The Red Sox managerial search is down to two, Red Sox general manager Ben Cherington told reporters on Monday. Dale Sveum will meet with the Boston ownership group on Wednesday and another candidate will have a second interview later this week.

Cherington said he'd like a new manager in place before Thanksgiving.

The Red Sox also interviewed Indians bench coach Sandy Alomar Jr., Tigers third base coach Gene Lamont, Blue Jays first base coach Torey Lovullo and Phillies bench coach Pete Mackanin.

Sveum, Mackanin and Alomar also interviewed for the vacant Cubs job.

Cherington also said the Red Sox compensation talks for Cubs president Theo Epstein may have to be decided by the commissioner's office, despite the two teams receiving an extension to work on it.

"It's not what we need to be doing this offseason," Cherington told reporters (via the Boston Herald.) "I think we'd still like to figure it out on our own, but if we can't, then I think everyone probably needs to move on."

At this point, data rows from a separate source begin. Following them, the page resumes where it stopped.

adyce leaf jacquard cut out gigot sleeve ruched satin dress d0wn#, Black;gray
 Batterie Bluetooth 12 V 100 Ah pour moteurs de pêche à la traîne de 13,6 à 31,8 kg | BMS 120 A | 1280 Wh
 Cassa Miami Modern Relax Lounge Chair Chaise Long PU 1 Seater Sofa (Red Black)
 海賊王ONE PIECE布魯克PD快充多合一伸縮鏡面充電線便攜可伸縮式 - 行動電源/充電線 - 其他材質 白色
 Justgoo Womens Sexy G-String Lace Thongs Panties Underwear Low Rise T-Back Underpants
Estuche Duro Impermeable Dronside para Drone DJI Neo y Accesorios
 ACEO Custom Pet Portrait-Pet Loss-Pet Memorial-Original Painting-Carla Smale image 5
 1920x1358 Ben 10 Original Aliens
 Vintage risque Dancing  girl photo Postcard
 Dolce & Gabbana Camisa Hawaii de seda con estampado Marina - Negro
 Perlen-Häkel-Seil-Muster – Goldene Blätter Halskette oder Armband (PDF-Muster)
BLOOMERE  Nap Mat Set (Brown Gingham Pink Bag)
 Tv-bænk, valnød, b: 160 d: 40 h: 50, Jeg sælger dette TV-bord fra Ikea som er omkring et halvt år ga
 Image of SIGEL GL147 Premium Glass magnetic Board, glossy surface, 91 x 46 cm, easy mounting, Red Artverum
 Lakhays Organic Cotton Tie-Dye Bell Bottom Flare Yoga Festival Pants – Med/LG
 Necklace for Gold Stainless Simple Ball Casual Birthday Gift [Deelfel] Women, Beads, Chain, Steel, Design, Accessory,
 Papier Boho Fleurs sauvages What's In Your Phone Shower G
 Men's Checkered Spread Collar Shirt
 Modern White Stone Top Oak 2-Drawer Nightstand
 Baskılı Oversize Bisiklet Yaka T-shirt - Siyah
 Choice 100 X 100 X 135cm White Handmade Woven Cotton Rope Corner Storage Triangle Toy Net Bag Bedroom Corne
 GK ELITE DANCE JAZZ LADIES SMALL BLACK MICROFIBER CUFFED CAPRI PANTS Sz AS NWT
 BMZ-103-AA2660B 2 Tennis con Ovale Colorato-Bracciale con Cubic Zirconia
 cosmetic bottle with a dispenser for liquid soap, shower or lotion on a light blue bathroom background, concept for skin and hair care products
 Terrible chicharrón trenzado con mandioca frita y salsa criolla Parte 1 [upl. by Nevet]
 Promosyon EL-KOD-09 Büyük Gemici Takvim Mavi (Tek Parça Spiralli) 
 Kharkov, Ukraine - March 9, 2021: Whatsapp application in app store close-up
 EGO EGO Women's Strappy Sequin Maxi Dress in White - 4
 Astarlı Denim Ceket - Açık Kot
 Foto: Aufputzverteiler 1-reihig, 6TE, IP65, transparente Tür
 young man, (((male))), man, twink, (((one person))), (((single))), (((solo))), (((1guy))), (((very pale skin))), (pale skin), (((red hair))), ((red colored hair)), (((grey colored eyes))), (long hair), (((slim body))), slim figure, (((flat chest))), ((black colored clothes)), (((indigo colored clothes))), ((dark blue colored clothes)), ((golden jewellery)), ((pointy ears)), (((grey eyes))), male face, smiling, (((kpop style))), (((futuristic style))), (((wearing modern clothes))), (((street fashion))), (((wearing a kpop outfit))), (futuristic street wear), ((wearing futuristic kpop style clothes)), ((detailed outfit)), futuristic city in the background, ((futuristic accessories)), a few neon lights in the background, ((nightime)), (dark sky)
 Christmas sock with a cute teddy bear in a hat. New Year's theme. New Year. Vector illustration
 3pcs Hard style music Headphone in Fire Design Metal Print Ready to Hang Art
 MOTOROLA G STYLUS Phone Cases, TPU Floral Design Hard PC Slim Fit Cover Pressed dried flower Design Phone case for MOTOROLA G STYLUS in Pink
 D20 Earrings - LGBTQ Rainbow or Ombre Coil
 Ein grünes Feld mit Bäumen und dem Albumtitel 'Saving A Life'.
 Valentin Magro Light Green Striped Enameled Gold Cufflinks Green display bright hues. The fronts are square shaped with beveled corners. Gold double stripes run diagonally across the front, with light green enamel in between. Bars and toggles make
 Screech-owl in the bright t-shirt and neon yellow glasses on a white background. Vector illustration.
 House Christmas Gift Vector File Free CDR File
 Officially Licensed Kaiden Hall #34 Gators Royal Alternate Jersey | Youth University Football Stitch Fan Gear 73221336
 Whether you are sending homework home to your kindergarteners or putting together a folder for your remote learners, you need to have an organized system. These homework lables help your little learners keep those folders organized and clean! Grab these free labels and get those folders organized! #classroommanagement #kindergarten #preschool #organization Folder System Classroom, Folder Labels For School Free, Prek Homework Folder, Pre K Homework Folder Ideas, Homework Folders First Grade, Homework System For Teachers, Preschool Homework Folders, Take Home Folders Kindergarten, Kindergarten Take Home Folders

Earlier on Monday, Epstein told Boston radio station WEEI.com that he didn't believe he was worth much to his former team (as far as compensation goes.)

"That's a more existential question," Epstein said. "I know I'm right, because I know my own faults better than Ben does. I know my limitations. I'm just not worth that much. But I'm sure it will work out, one way or the other, in a way that satisfies all the parties involved. The talkers are very amicable. That's the most important thing."